Finally you have “The Midcard Mafia” consisting of young talents that are not being used correctly. They are very talented in the ring but it clearly appears that at least one of them could be “future endeavored” in 2012. Like Goldust & Ted DiBiase before them, the YouTube videos just appear to be desperation at best and the hope of getting noticed by a fanbase so they can have some “Zack Ryder luck.” It was when I saw these videos that I really felt like social media could backfire on the wrestling industry in 2012.

Like I said I fully am behind any person trying to keep their job but perspective from the outside is what’s most important. Zack Ryder was able to hit the star at just the right time, the other three I just spoke don’t appear to be having that same “social media” luck right now. Take for instance the talents outside of the WWE who try to use social media to the best of their advantage and still can’t get a job from the company.

Colt Cabana garnered a ton of attention shortly after the now famous “CM Punk promo” from June 2011 when Punk mentioned him on RAW and that alone has not been enough to get him his job back with the WWE. He did get a dark match tryout but that was it, nothing more.
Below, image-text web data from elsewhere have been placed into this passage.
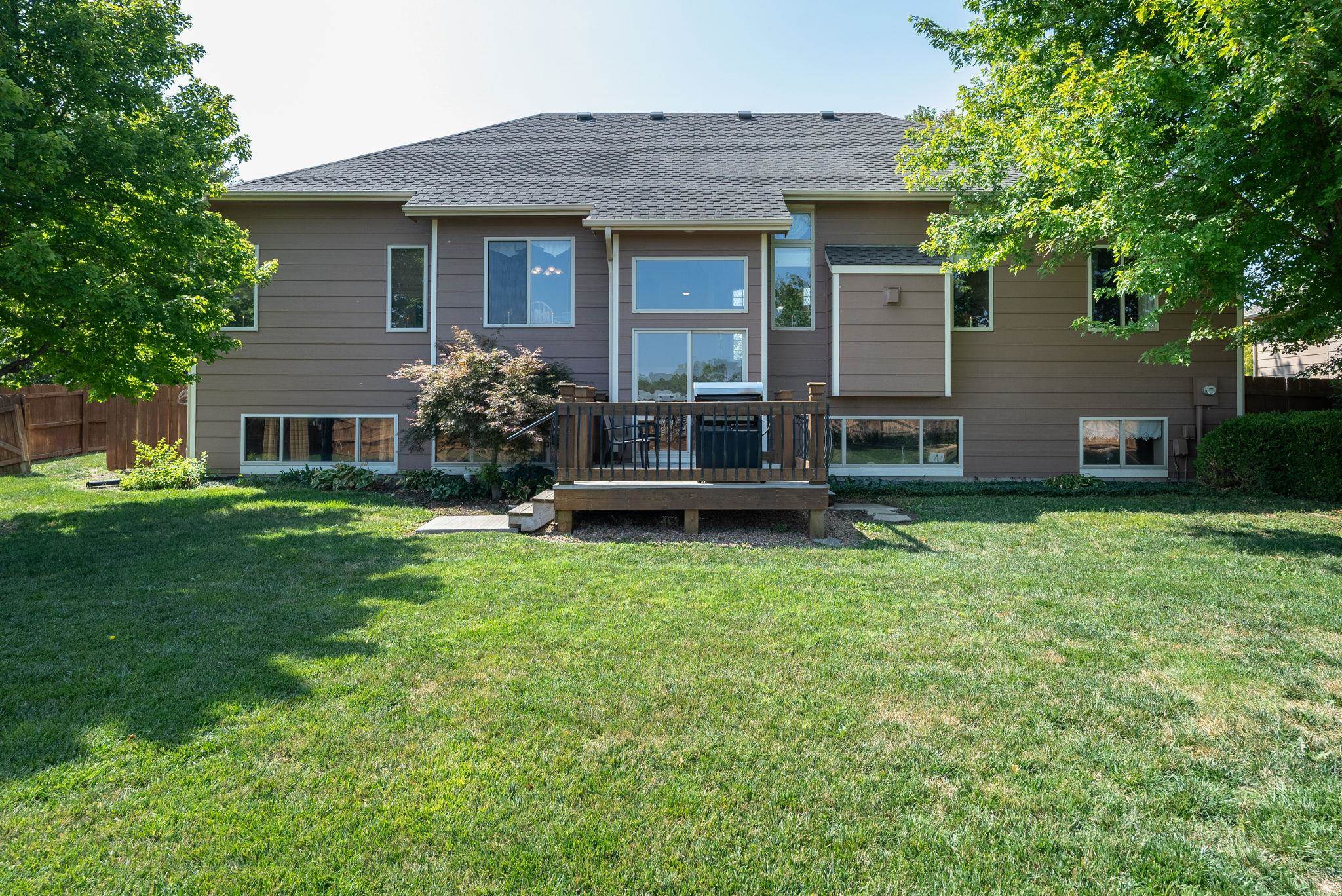 2032 Briarwood Ct, Newton, Kansas image 33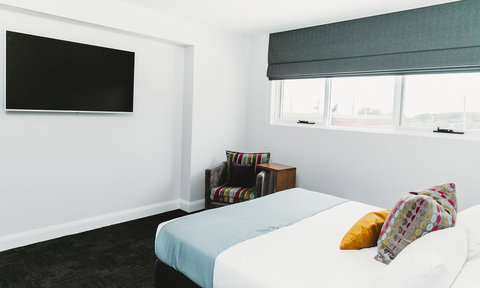 Coniston Hotel Wollongong - Tourism Caloundra 28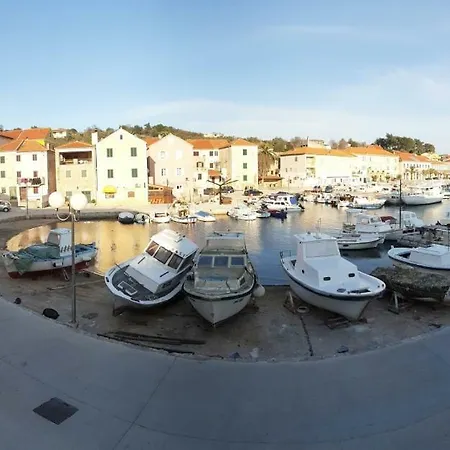 Apartment In With Terrace Air Conditioning Wi Fi Washing Machine Sali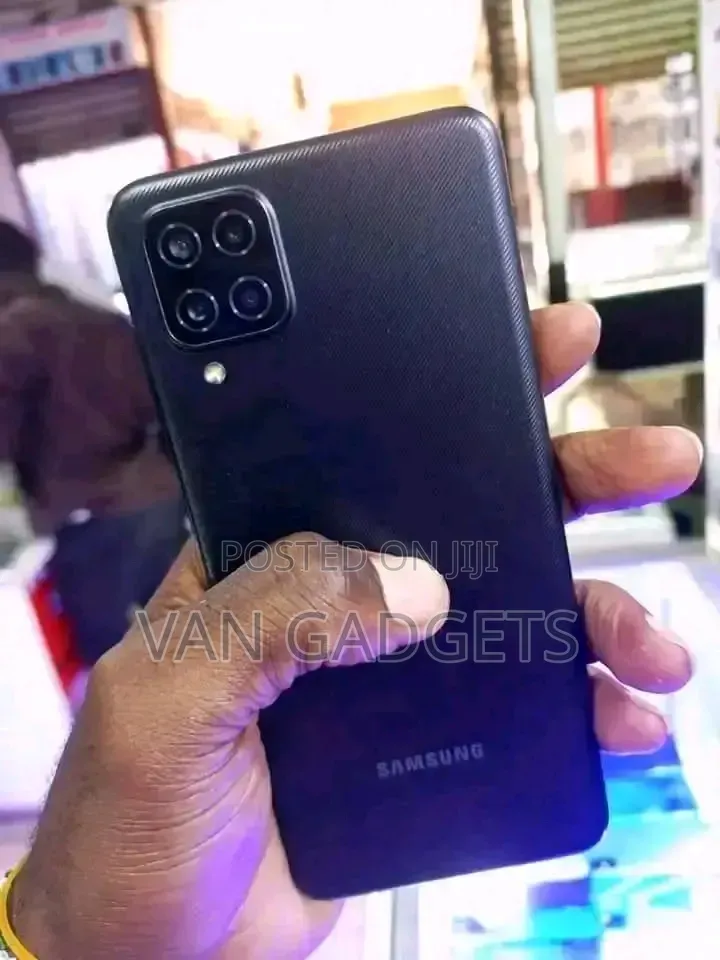 Samsung Galaxy A12 64 GB Black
But besides all that Colt Cabana is the host of a very successful wrestling podcast and still cannot get a job with the company. Despite having a “colt-like” following (see what I did there) he still cannot get re-signed by the WWE proving that social media doesn’t always work in a wrestler’s favor.

Another wrestler who did what he could to get noticed by the WWE was Gregory Iron, a wrestler who despite having cerebral palsy still performs in the squared circle. On two separate occasions he garnered brief social media popularity after CM Punk (while he “left” the WWE for a couple days) showed up at an independent event to give him props and after he went to YouTube to get a petition going to be in the royal rumble. While you cannot knock his “hustle” it has still not helped him get a job with the WWE and his online petition to get in the rumble has silently died proving that social media can sometimes be your worst enemy.

We as wrestling fans can become some of the most opinionated groups of people in the entire world. One minute we can love a wrestler and the next we can despise them & while we don’t know it yet our views on social media are starting to change as we speak. It was “cool” to see Zack Ryder’s YouTube show & we really wanted to see his succeed and he most certainly has. But now that he’s on top the grumblings of how annoying his character can be on television are starting to develop…

Has that feeling led to us changing our views on all these other social media outlets wrestlers & wrestling companies are using to capture our attention? I believe so as it starts to look like nothing more then desperation on the part of the wrestler and it looks like stupidity on the part of the wrestling company. As quickly as social media in wrestling became popular so soon it shall fall as the annoyance it is becoming. It was once looked at as something positive can not put someone or a company in a negative light, if it hasn’t already.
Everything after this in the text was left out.